**THE PROBLEM:**
Within the material below, count every line with the string "online". Give no more than the number.

**DATA:**
◇ ◇ ◇

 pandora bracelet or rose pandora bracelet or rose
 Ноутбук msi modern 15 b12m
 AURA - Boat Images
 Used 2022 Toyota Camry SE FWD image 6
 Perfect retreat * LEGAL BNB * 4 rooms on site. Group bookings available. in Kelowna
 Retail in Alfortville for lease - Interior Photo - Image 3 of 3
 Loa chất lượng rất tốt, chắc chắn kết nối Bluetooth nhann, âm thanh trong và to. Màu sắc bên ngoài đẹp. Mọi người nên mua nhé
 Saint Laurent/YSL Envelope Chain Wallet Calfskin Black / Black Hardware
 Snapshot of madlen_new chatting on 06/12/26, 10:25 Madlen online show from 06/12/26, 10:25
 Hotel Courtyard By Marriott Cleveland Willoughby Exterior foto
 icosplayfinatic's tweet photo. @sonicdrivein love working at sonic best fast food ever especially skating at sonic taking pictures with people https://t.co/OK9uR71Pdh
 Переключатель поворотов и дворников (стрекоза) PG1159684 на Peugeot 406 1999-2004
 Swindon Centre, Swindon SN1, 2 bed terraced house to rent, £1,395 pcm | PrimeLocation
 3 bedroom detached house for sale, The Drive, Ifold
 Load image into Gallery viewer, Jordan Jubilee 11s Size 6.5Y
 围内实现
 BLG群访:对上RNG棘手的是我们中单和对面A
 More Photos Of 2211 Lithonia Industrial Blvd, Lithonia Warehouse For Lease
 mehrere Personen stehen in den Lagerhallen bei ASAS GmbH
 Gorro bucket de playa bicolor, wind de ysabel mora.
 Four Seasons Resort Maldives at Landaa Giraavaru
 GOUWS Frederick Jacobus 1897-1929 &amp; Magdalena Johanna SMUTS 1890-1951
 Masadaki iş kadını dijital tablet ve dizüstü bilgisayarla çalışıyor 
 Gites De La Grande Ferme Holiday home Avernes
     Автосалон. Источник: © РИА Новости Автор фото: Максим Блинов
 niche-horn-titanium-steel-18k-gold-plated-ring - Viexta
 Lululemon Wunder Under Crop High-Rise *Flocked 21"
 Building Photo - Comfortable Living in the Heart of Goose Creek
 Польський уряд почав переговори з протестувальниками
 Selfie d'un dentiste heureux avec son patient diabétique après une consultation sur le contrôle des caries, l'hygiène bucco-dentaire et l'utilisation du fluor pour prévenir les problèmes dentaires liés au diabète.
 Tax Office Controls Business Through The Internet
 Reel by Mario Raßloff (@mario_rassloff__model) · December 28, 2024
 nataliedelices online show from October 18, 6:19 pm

◇ ◇ ◇

**TASK RESPONSE:**
2